7.2Short-Term License.  Gemma, on behalf of itself and its Affiliates, hereby grants to Passage (and solely for Passage to provide the Services, grants to Passage’s subcontractors) for and during the Term, a non-exclusive, worldwide, non-transferable, fully paid-up, royalty-free license under all Know-How, Patent Rights, Regulatory Materials, Materials, and other intellectual property rights owned or controlled by Gemma or any of its Affiliates, solely for Passage (or such subcontractors) to perform the Services.
Article 8​
INDEMNIFICATION AND LIABILITY
8.1Indemnification.
8.1.1Indemnification by Gemma.  Subject to the provisions of this Article 8, Gemma shall defend, indemnify and hold the Passage Indemnitees harmless from and against any and all Losses arising out of any Third Party Claim related to: (i) the provision (or use by any Gemma Indemnitees) of the Services; (ii) a material breach by Gemma of any covenant or agreement contained in this Agreement; or (iii) Gemma’s (or its Affiliates’ or (sub)licensees’) performance, activities or omissions under the Assigned Contracts on or following the applicable Assignment Date; except, in each case (i)-(iii), to the extent such Losses arise out of any conditions set forth in Section 8.1.2(i)-(iii) for which Passage is obligated to indemnify any Gemma Indemnitee under Section 8.1.2.

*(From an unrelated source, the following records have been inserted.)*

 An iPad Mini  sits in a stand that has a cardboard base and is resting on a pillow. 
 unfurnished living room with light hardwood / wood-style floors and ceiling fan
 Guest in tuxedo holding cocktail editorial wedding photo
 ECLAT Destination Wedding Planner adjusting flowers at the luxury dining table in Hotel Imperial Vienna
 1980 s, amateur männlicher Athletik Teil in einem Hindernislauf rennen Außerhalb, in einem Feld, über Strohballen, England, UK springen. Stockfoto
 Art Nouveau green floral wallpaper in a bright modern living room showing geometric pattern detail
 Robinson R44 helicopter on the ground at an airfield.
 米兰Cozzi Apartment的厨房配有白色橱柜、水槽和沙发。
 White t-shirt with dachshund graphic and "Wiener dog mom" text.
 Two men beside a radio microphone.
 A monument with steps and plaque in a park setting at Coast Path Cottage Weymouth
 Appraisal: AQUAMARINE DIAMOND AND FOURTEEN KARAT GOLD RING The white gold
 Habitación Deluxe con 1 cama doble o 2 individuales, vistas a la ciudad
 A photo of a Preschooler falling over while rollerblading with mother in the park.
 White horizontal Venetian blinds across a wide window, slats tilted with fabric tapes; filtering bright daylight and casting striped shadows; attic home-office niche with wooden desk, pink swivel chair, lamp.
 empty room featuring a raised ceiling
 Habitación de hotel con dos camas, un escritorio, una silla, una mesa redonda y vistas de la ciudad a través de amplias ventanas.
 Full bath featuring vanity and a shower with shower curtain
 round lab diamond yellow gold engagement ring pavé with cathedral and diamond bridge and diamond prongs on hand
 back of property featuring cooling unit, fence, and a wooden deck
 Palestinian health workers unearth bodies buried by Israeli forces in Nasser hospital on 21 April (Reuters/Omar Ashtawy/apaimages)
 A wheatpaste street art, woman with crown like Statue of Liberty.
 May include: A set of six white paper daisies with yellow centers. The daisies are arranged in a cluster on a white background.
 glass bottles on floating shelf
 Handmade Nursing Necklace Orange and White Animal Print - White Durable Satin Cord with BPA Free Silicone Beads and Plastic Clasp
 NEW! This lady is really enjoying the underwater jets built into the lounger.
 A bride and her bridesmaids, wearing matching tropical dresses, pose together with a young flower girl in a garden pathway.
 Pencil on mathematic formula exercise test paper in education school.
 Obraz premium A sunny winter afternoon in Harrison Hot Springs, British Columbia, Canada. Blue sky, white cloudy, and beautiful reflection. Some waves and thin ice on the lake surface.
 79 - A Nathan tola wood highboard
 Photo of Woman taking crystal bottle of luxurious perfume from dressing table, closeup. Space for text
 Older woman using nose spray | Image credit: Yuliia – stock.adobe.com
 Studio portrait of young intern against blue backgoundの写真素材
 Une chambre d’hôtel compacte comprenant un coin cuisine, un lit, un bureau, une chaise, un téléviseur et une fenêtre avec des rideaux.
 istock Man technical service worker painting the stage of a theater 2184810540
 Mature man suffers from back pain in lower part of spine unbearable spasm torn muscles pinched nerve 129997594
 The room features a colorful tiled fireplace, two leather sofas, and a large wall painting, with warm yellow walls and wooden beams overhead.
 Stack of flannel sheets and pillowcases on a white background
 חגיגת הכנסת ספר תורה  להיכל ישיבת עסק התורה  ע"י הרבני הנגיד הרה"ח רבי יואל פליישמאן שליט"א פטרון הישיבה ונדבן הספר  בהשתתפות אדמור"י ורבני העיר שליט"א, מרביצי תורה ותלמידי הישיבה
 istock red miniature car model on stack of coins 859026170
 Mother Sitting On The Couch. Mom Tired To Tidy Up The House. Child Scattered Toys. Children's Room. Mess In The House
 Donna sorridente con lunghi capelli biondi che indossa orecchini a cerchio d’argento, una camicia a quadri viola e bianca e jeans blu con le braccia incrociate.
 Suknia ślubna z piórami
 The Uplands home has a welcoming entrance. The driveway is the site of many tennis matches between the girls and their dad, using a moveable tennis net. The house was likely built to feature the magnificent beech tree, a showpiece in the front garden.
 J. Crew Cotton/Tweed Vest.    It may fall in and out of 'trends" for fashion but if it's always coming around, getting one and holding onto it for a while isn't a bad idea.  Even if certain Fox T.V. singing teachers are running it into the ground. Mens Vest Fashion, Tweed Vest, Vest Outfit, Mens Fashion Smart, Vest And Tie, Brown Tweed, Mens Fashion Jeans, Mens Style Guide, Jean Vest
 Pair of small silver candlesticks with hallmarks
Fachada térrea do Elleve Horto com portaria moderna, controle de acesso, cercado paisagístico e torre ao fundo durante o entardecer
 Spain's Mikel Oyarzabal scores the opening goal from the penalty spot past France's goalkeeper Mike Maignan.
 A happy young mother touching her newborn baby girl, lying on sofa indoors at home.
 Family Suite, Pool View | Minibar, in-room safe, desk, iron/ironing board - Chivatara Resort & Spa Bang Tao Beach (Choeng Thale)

8.1.2Indemnification by Passage.  Subject to the provisions of this Article 8, Passage shall defend, indemnify and hold the Gemma Indemnitees harmless from and against any and all Losses arising out of any Third Party Claim related to: (i) the gross negligence, fraud or willful misconduct of any Passage Indemnitees in connection with this Agreement (including the performance of the Services); (ii) a material breach by Passage of any covenant or agreement contained in this Agreement; or (iii) Passage’s (or its Affiliates’ or (sub)licensees’) performance, activities or omissions under the Assigned Contracts prior to the applicable Assignment Date (except to the extent Passage is performing under any such Assigned Contracts on behalf of Gemma as part of the Services); except, in each case (i)-(iii), to the extent such Losses arise out of any conditions set forth in Section 8.1.1(i)-(iii) for which Gemma is obligated to indemnify any Passage Indemnitee under Section 8.1.1.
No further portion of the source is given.